Tonight I feel like plunging right into a big old hornets' nest. I'm going to talk about religion, a topic I usually like to stay away from in this blog. I don't write these posts because I want to be controversial or get under people's skin; I'd rather be entertaining, intentionally or otherwise. And frankly, I'd rather write about myself than about Big Issues like religion. I'm shallow that way.
The great thing about taking on this subject, however, is that in doing so I can express what I believe without having to claim expertise in anything except my own faith. That is what's so appealing about faith in general. It is - or should be - very personal. Let's face it, the know-it-alls just mess it up for the rest of us. So I'm going to profess my faith, which I freely admit is a mishmosh of Roman Catholicism, existential philosophy, feminism, and a dash of misanthropy.
I believe in God. Sorry, Stephen Hawking: Even if, as you headline-grabbingly asserted in your latest book, the universe was capable of spontaneously generating itself without a divine spark, I still call shenanigans on your conclusion that God doesn't exist because He isn't necessary. In my own infinitesimally small corner of the universe, He's necessary to me. After thousands of years of science, philosophy, and wild-ass guesses, there are still mysteries in the universe - big cosmic ones like "what exists past the edge of existence?" and small personal ones like "why do I always have to do the right thing?" I don't have the answers, and since I cannot know, I must believe. I believe there are forces at work that govern our minds, shape our environment, and form patterns where otherwise there would seem to be chaos. I can't see those forces, and I don't understand them. But I accept their existence, and I choose to collectively call them God.
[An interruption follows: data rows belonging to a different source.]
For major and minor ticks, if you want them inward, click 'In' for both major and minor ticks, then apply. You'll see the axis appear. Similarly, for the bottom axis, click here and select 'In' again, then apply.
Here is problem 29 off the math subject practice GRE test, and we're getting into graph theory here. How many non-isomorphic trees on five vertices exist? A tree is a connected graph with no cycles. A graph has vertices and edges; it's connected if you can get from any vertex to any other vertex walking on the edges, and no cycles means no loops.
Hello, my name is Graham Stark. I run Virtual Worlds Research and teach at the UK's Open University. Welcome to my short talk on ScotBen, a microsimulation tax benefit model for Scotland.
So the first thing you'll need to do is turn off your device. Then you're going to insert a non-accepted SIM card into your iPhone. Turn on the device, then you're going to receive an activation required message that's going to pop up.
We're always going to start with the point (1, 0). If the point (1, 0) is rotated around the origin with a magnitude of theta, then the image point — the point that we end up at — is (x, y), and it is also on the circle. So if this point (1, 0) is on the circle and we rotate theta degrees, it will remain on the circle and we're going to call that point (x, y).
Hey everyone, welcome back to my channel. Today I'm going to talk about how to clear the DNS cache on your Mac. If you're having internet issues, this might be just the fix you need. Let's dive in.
I believe that Jesus was the Son of God. Why not? He was at least a great philospher, an influential spiritual leader, and a good guy. I will accept that God sent Him to us as an emissary to keep our hearts and minds focused on the greater good and obedient to His benevolent will. (Yes, I believe that God's will is benevolent, and none of this nonsense about vengeance or other oligarchal thinkspeak.) I will also accept that not everyone believes the same thing, and I will further accept as valid the beliefs of other faiths with regard to saviors, emissaries, prophets, and the like. I know, I know: Them's excommunicatin' words. So be it. I prefer my faith without a hard crunchy outer shell of ideology. I don't believe these things out of a need to be right, but to feel more at ease with so often being wrong.
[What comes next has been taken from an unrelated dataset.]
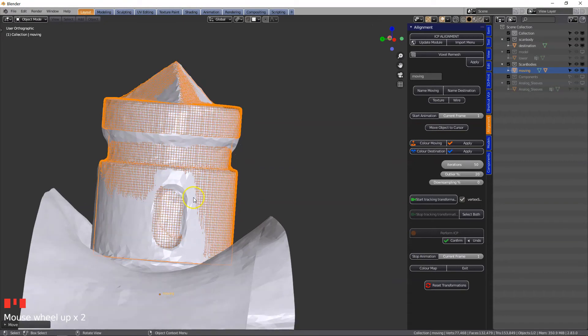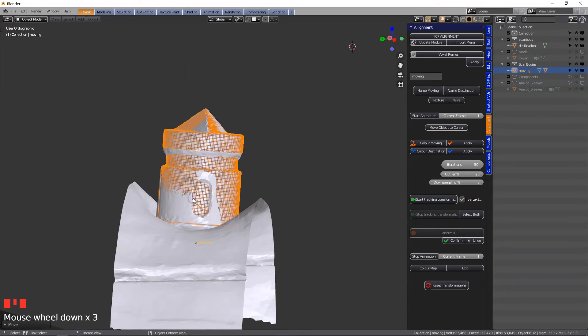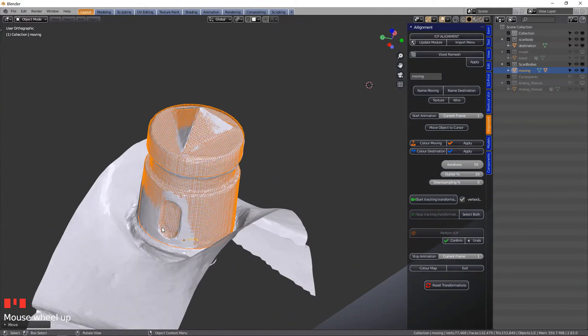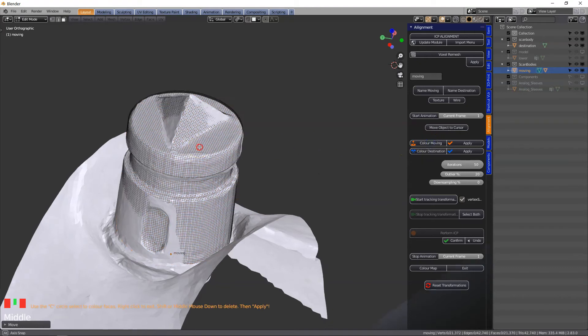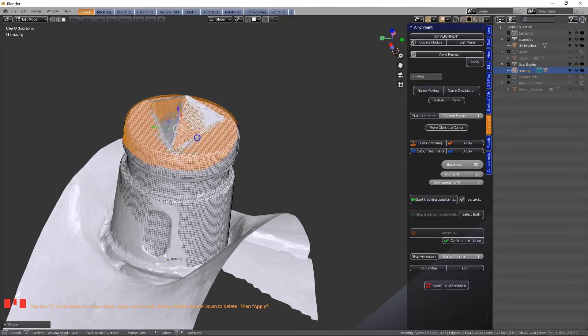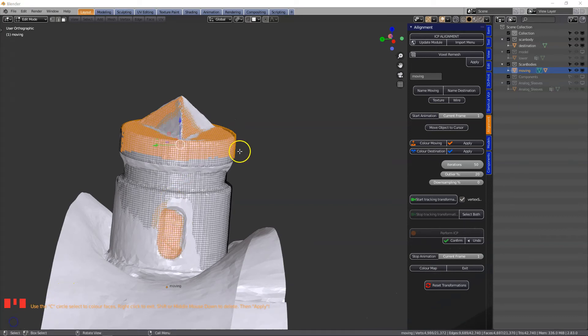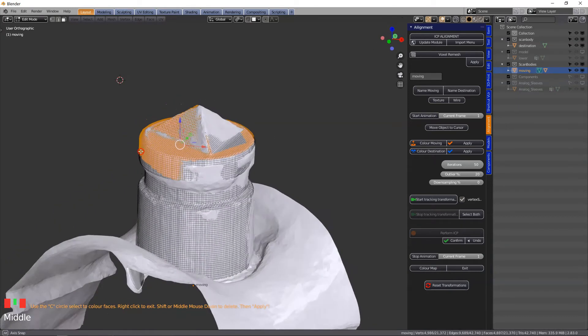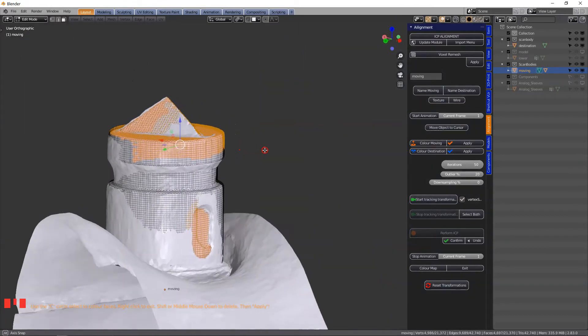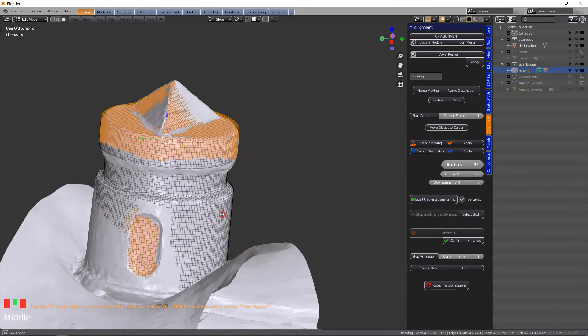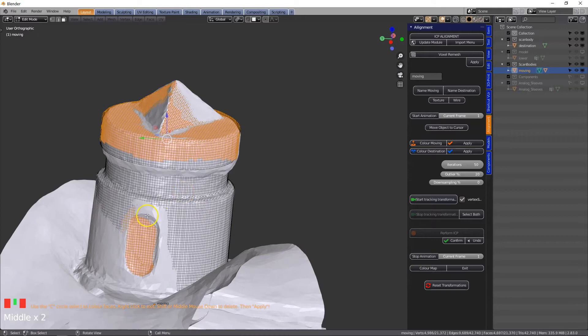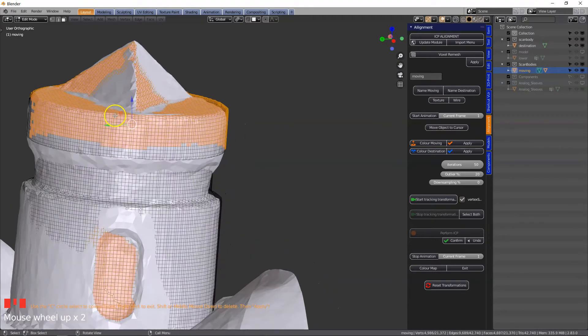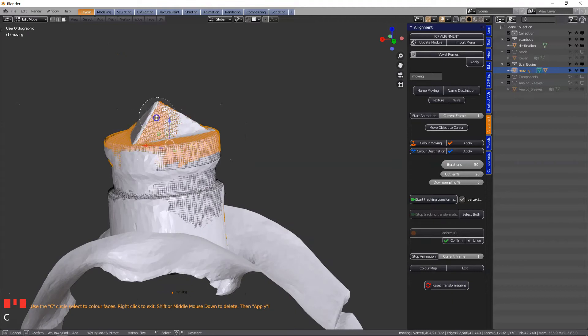Once you've got them closely aligned we will perform the ICP algorithm. But before then we need to color the objects. Click on color moving. Use the C key. Always remember we're working with X, Y, Z axis. It's no use only coloring the cylinder because it will rotate within the cylinder. We need adequate anti-rotation and we need a stopping point on the Z axis. This is very important.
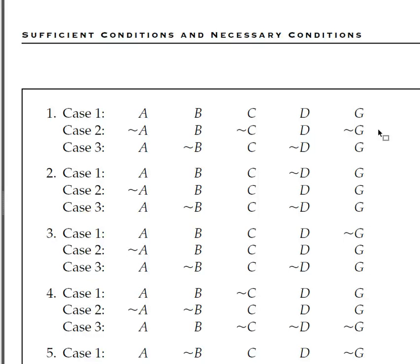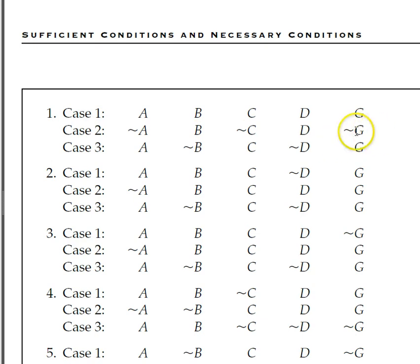Is B passing or failing the SCT for G? It does fail. And why does it fail — which case is the counterexample? Case two. That's right. In case two of problem number one, B is present and G is not. That's the counterexample for the sufficient condition test. So on your exam answers, you'd have a header that says 'fails SCT,' you'd write B and then case two. Case two is what proves that B fails the SCT for G.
I believe that the Bible is a great work of literature. It tells wonderful stories, it records a number of very important sociocultural myths, it preserves for history the customs and social structures of its time, and it contains a lot of really good advice, along with some that is irrelevant if not outrageous. (Beat your kids and stone your wife? Really?) I do not know if it's the divinely inspired word of God - although I don't doubt that some of its authors were inspired by their faith - and I don't believe that complete and literal adherence to its teachings is required. I think it's far more likely that the early Church found it handy to present the Bible as a rulebook in order to maintain control and promote conformity in its members; the larger and potentially more diverse the Church grew, the more advantageous it became to codify philosophy into religious doctrine. Sorry, but I enjoy reading the Bible. I don't enjoy being bludgeoned with it.
I believe that churches are important social institutions. They're community centers; they're launching pads for education, activism, and charitable works; they're a public forum where shared beliefs and commitment to good can thrive and be affirmed. At their best, churches are safe, welcoming, and nourishing of mind, body, and soul. At their worst, they are a physical manifestation of an institutional mindset: rigid, exclusionary, patriarchal. I believe a church that advertises itself loses all credibility, and a minister who becomes a household name is a hypocrite. My faith doesn't involve worshiping buildings or people.
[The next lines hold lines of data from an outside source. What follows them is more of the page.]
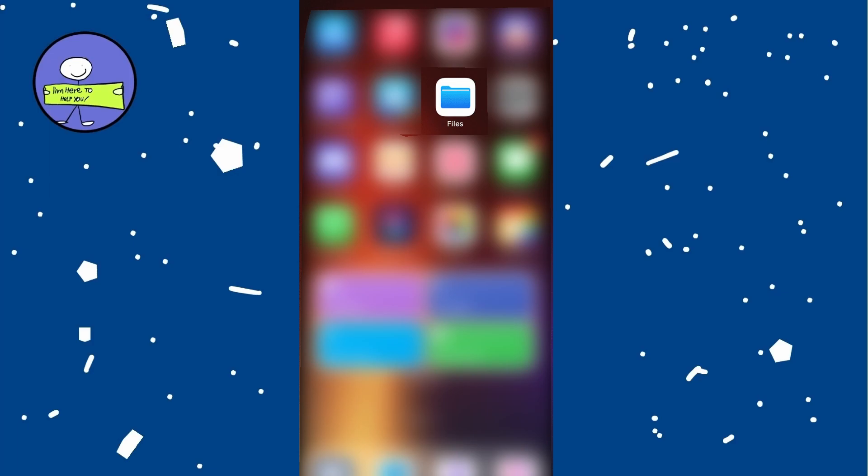In today's video: how to find Chrome downloads on your iPhone. If you close out Chrome and want to find a download later, exit Chrome and open the Files app on your iPhone. If you don't have the Files app, download and install it from the App Store.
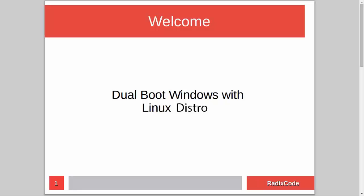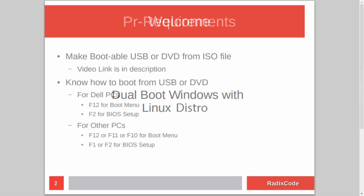Hi guys, it's Azim again from rediscord.com. In this video tutorial, I will show you how to dual boot Windows with a Linux distribution.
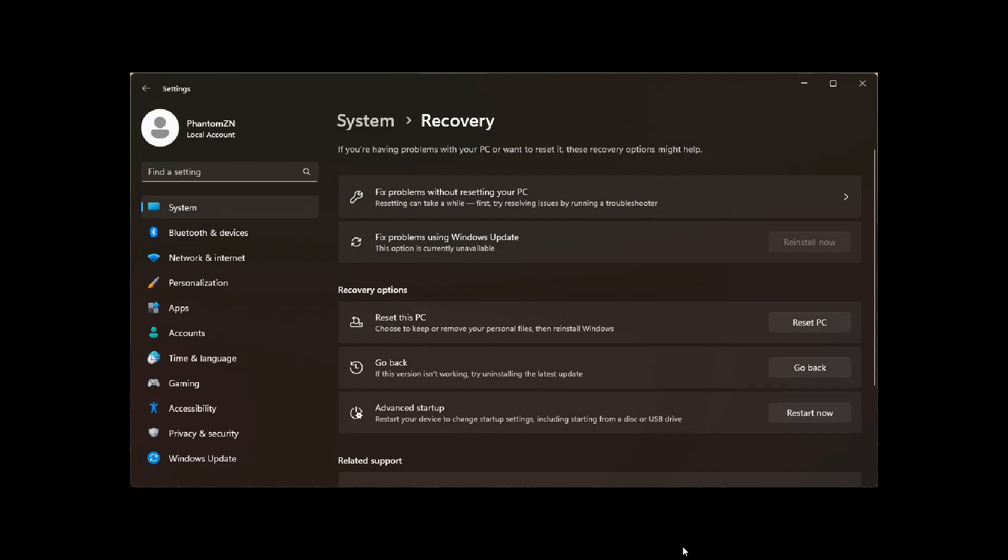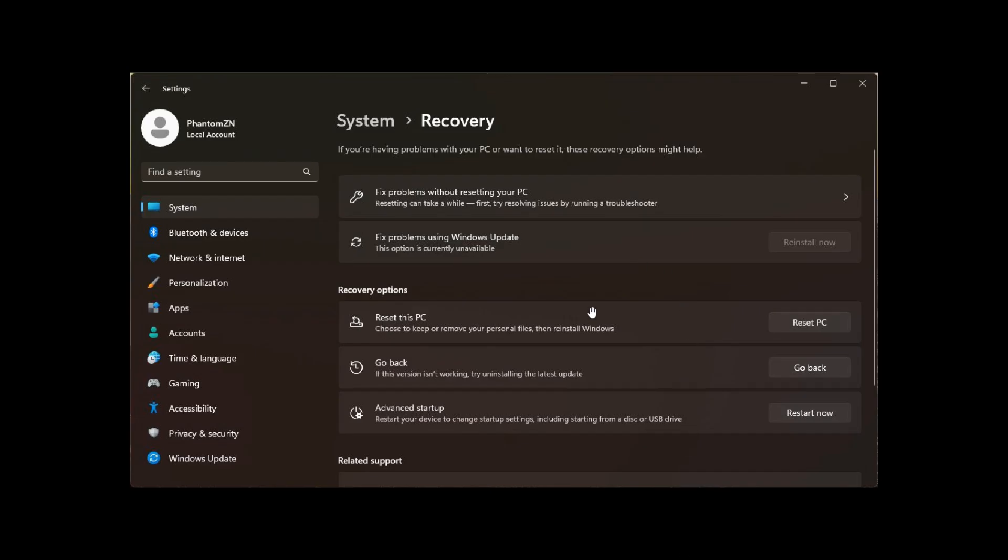So if we just head over to a screenshot of the feature, that's on the system page recovery page, Fixed Problems using Windows Update. This was enabled using Vive tool, which is quite common. And it's still early days. We can see, although it is enabled, it says this option is currently unavailable.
Finally, I believe that religion has been used to justify and perpetrate every form of evil that it claims God Himself deplores, from bigotry to greed to murder. I think there are truly bad people in the world (and have been throughout history), and many of them have cloaked themselves in religion to carry out their evil deeds. Those people make it harder for the rest of us to have faith - I don't know about you, but evil makes me feel scared, small, and powerless. I continue to believe because I want to know that the world can be better, that I can be better, and that those two things are related. All the rest is just the Seven Deadly Sins trying to their best to take over and screw up the cosmic balance.
Pardon my mixing of spiritual traditions. Some would call that heresy. Let 'em believe what they want to believe. It's all good. I believe that.